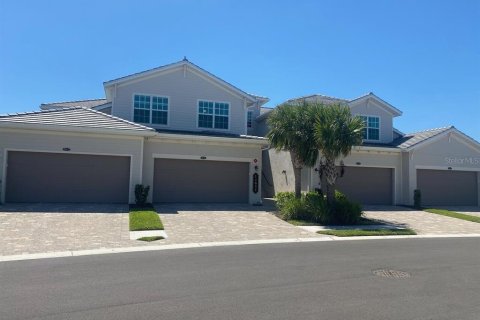 Copropriété à vendre à Punta Gorda, Floride: 3 chambres, 178.09 m2 № 1126232 - photo 2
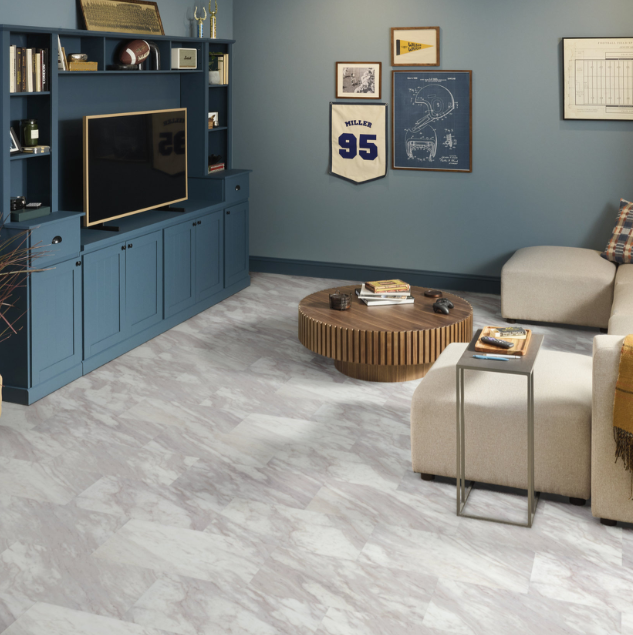 Opal - Shaw Vinyl Plank Flooring - Apex 3438v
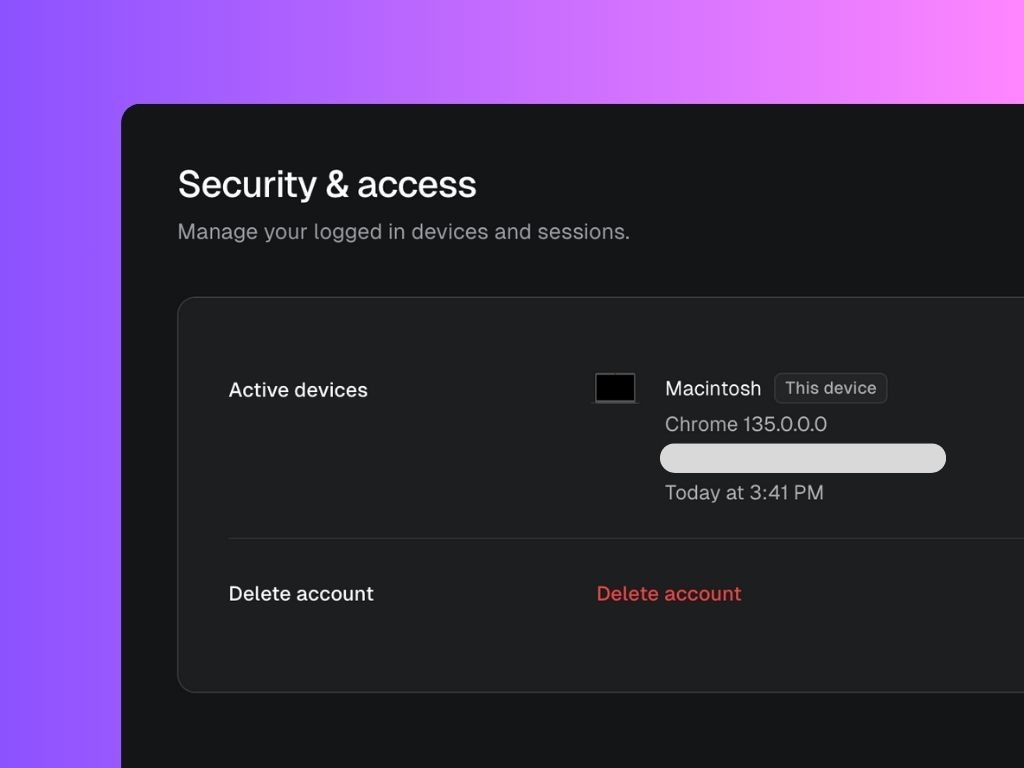 Security Jp
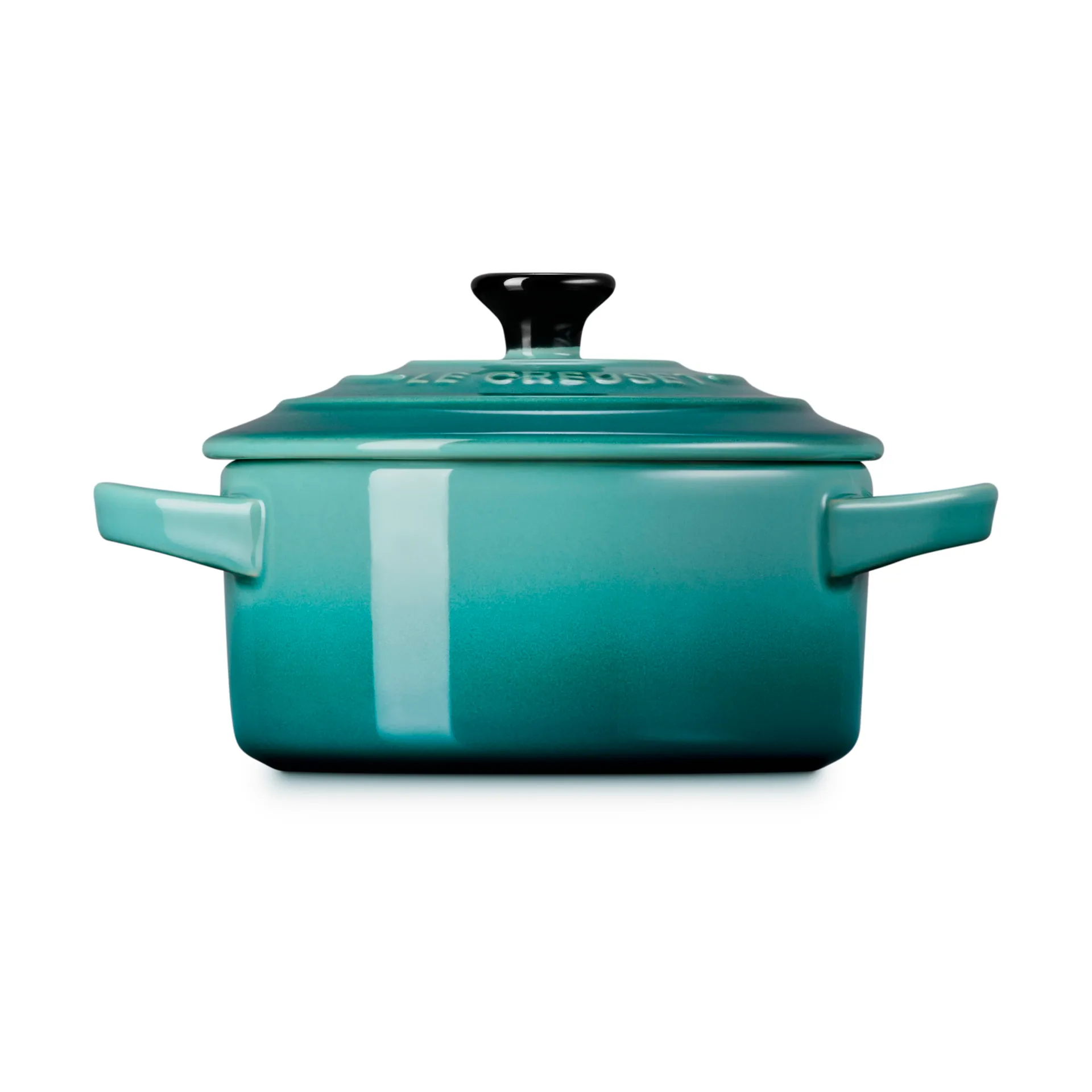 Le Creuset Minipata 10 cm, Bleu Riviera Le Creuset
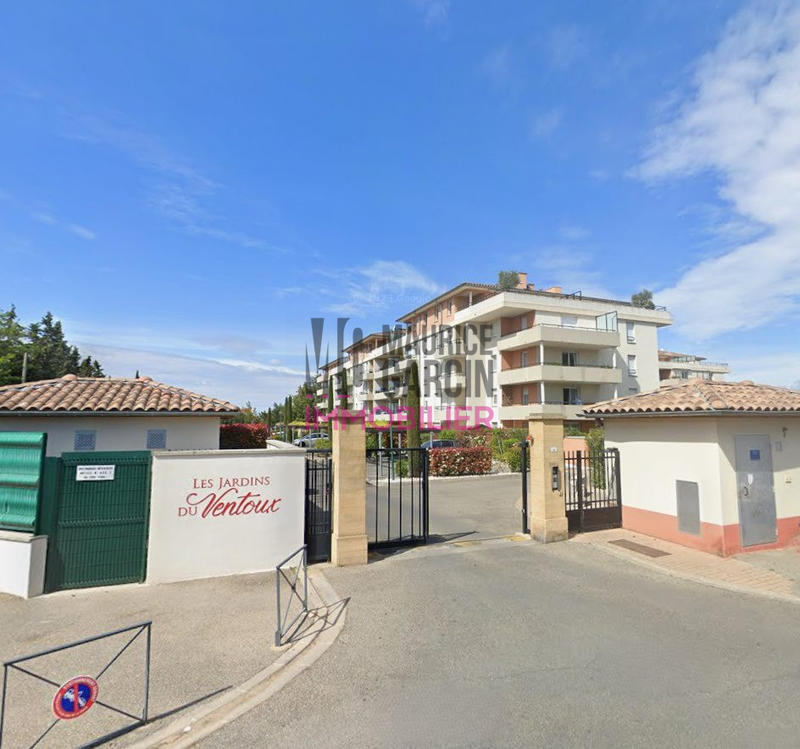 Appartement - 41 m² - 2 pièces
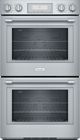 Thermador® Professional® 30" Stainless Steel Double Electric Wall Oven-0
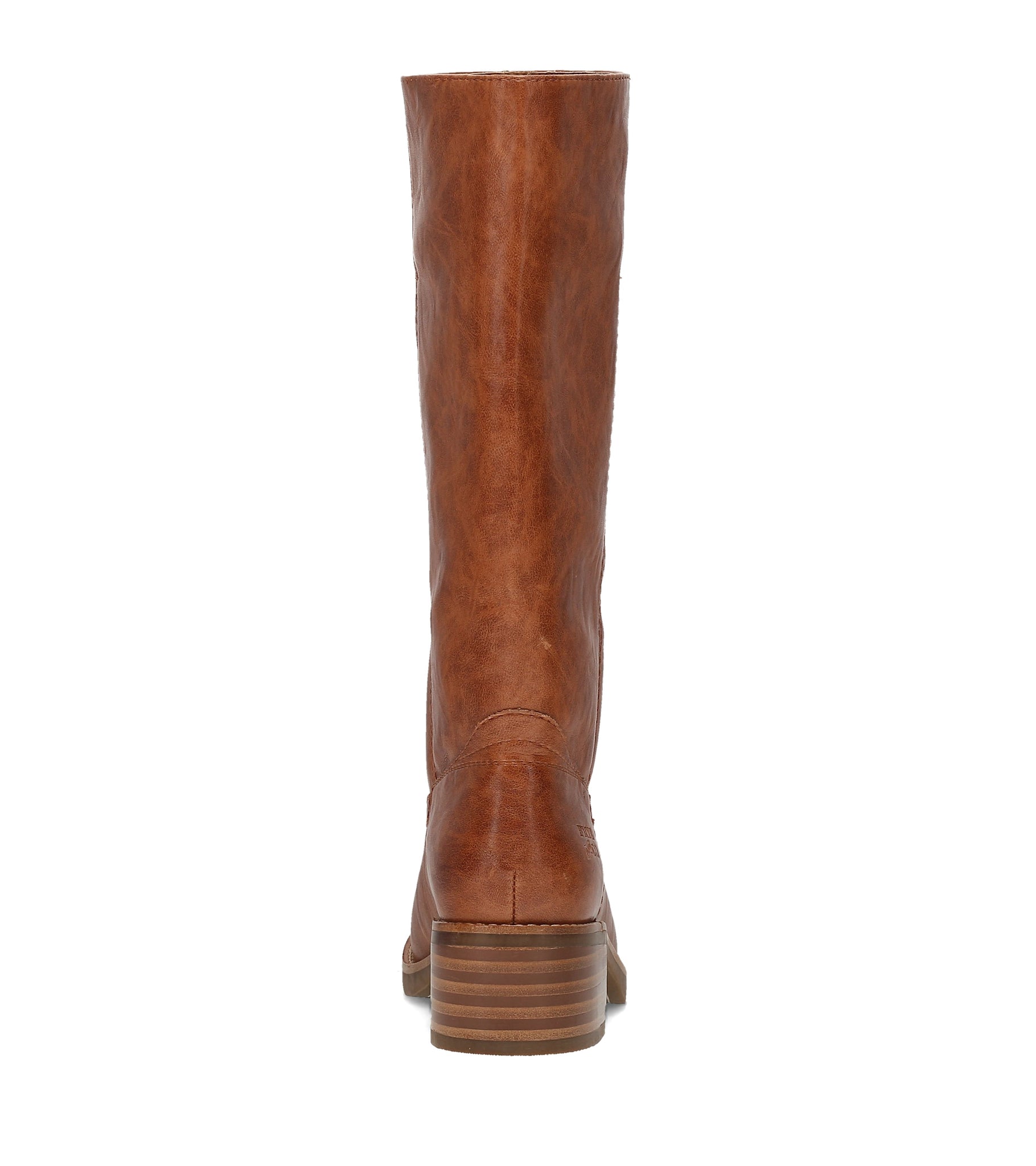 FRYE AND CO WOMEN MIRANDA 14 CARAMEL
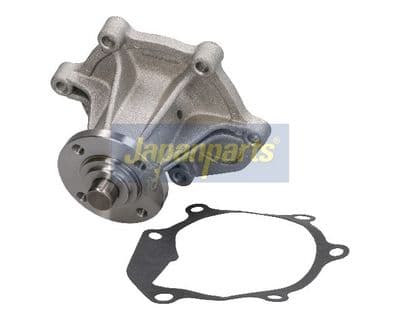 Bomba de agua, refrigeración del motor JAPANPARTS PQ-2001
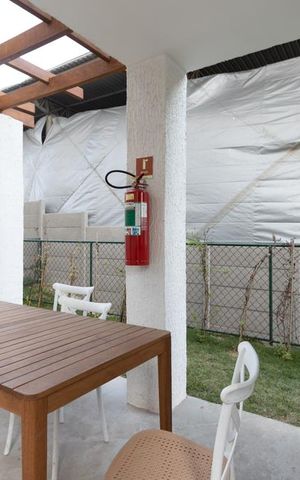 Apartamento à venda com 42m², 2 quartos e sem vaga Apartamento à venda com 42m², 2 quartos e sem vagaÁrea comum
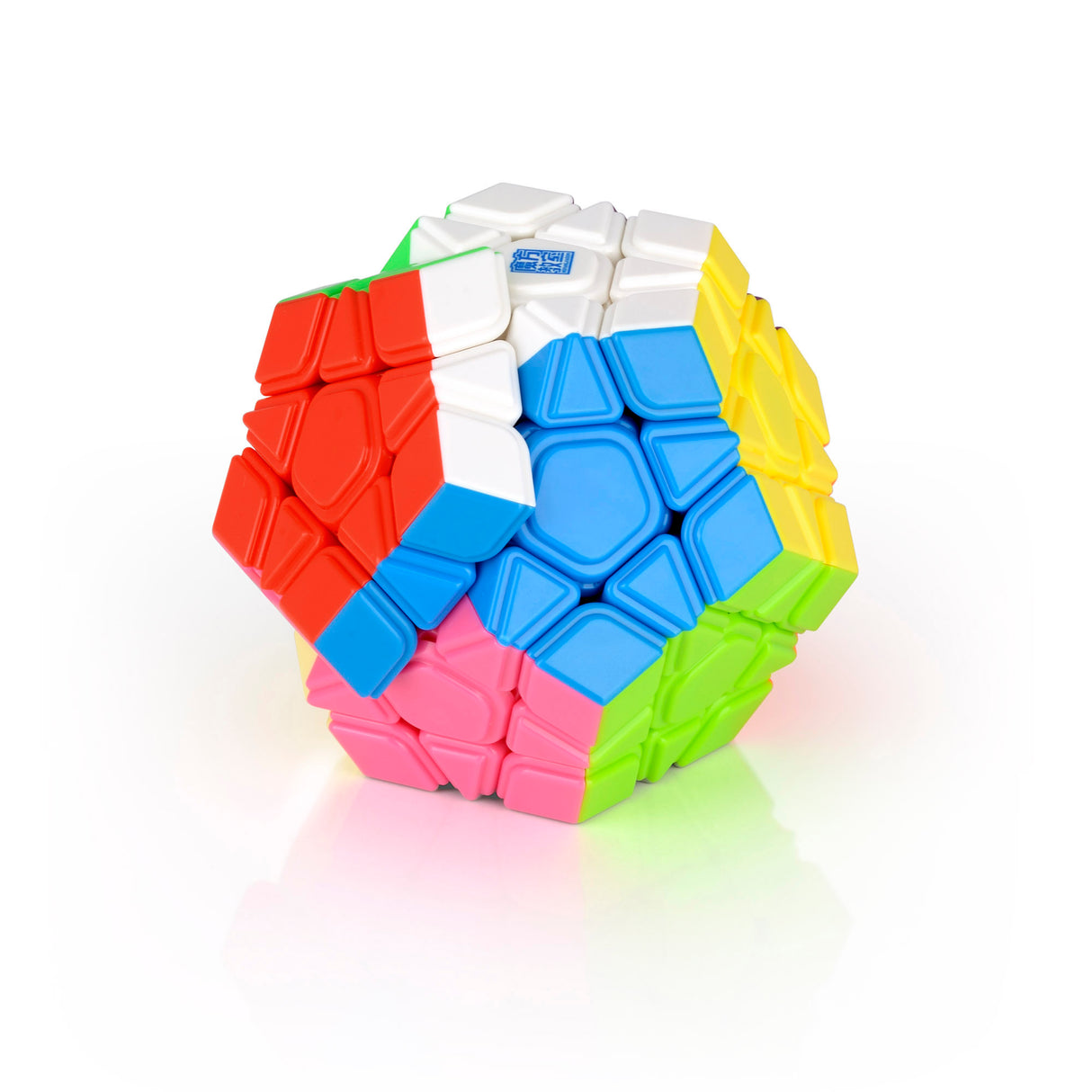 MoYu Megaminx MeiLong M V2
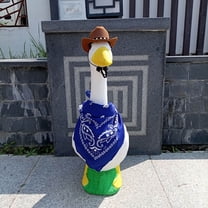 Clearance! Western Cowboy Style Porch Decoration Set: Cowboy Hat Hip Hop Towel Theme Decoration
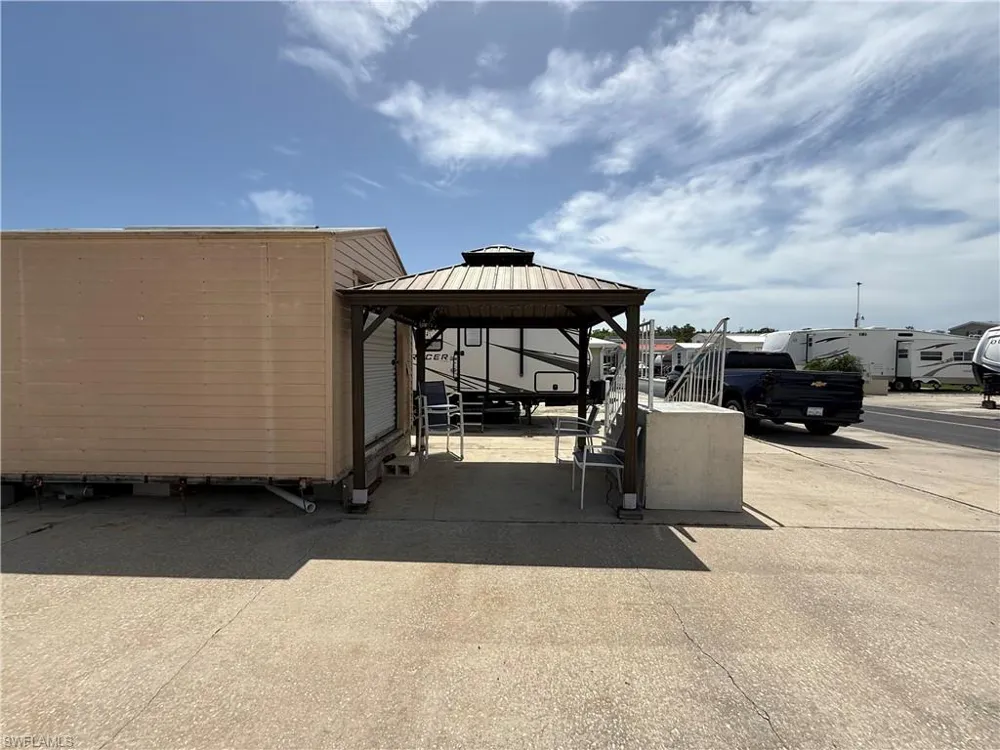 675 Copeland Avenue S Everglades City, FL 34139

#####

Task to complete: Images aside, return each entry above precisely as it stands.

Finished exercise:
 Copropriété à vendre à Punta Gorda, Floride: 3 chambres, 178.09 m2 № 1126232 - photo 2
 Opal - Shaw Vinyl Plank Flooring - Apex 3438v
 Security Jp
 Le Creuset Minipata 10 cm, Bleu Riviera Le Creuset
 Appartement - 41 m² - 2 pièces
 Thermador® Professional® 30" Stainless Steel Double Electric Wall Oven-0
 FRYE AND CO WOMEN MIRANDA 14 CARAMEL
 Bomba de agua, refrigeración del motor JAPANPARTS PQ-2001
 Apartamento à venda com 42m², 2 quartos e sem vaga Apartamento à venda com 42m², 2 quartos e sem vagaÁrea comum
 MoYu Megaminx MeiLong M V2
 Clearance! Western Cowboy Style Porch Decoration Set: Cowboy Hat Hip Hop Towel Theme Decoration
 675 Copeland Avenue S Everglades City, FL 34139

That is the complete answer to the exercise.